教科書が教えない歴史
藤岡信勝/自由主義史観研究会 
産経新聞社
 

 経済封鎖で追い詰められた日本

 日本は資源に乏しい国です。だから明治以来、国内の産業を育て、その製品を外国に輸出することによって経済を成り立たせ、豊かになろうと努力してきました。
 日本製品の輸出にとって、最大のお得意様は常にアメリカでした。特に重要な品目は生糸でした。生糸は、日本の貧しい農家が手作業で生産したものがほとんどで、それらの農家のおもな収入源となっていました。
 ところが、1929年、きわめて不幸な事態が発生します。アメリカの株の暴落によって始まった世界的な大不況です。アメリカではこれによって多くの人が職を失いました。

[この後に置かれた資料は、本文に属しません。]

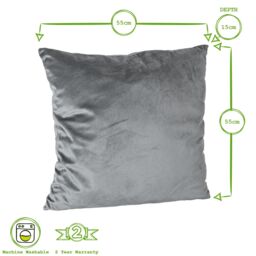 Nicola Spring Square Velvet Cushion - 55cm x 55cm - Pack of 1 in Pink - Size: 55 cm x 55 cm - thumbnail 3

 アメリカは、第一次世界大戦によって深く傷ついたイギリスにかわり、世界一の金持ち国となっていました。ところがアメリカには、世界の経済を左右する力を自分がもっているという自覚があまりありませんでした。
 だから、大不況が勃発したとき、他国への影響を考えず、自国の産業の立て直しだけを考えて、他国からの輸入を極端に制限する政策をとってしまいました。その結果、今度はイギリスが自国とその勢力圏内の経済だけを重視する政策をとってアメリカに対抗したのです。
 日本は悲惨でした。まず、アメリカで日本製生糸の値段が暴落してしまいました。輸出してもさっぱり儲からないのです。
 その結果、生糸を作っていた日本の多くの農家は大打撃を受け「娘を身売りに出す」などということがやむをえず行われるようになりました。当時の多くの日本の人々は、この農民の苦しみを見て時の政府、政党内閣の政治を見限り、満州、そして中国中央部へと軍事的勢力を拡大しようとする軍部に声援を送るようになったのです。
 また、日本はようやく国際的に売れるまでに成長してきた日本の工業製品の売り先をなくしました。イギリスとその勢力圏内の国が日本の製品の輸入に高い税金をかけたからです。特に、日本の綿製品や電球などはひじょうに安くて良質だったため、狙い撃ちにされました。
 このような仕打ちによって、多くの日本人は「もはや、日本は米英と手を切り、自給自足のための経済圏を持たねばならない」と思うようになりました。そして、軍部の中国大陸進攻を強く支持したのです。しかし、その結果、日本は世界からますます孤立し、ついにはアメリカ、イギリスを相手に無謀な戦争に突入していくのです。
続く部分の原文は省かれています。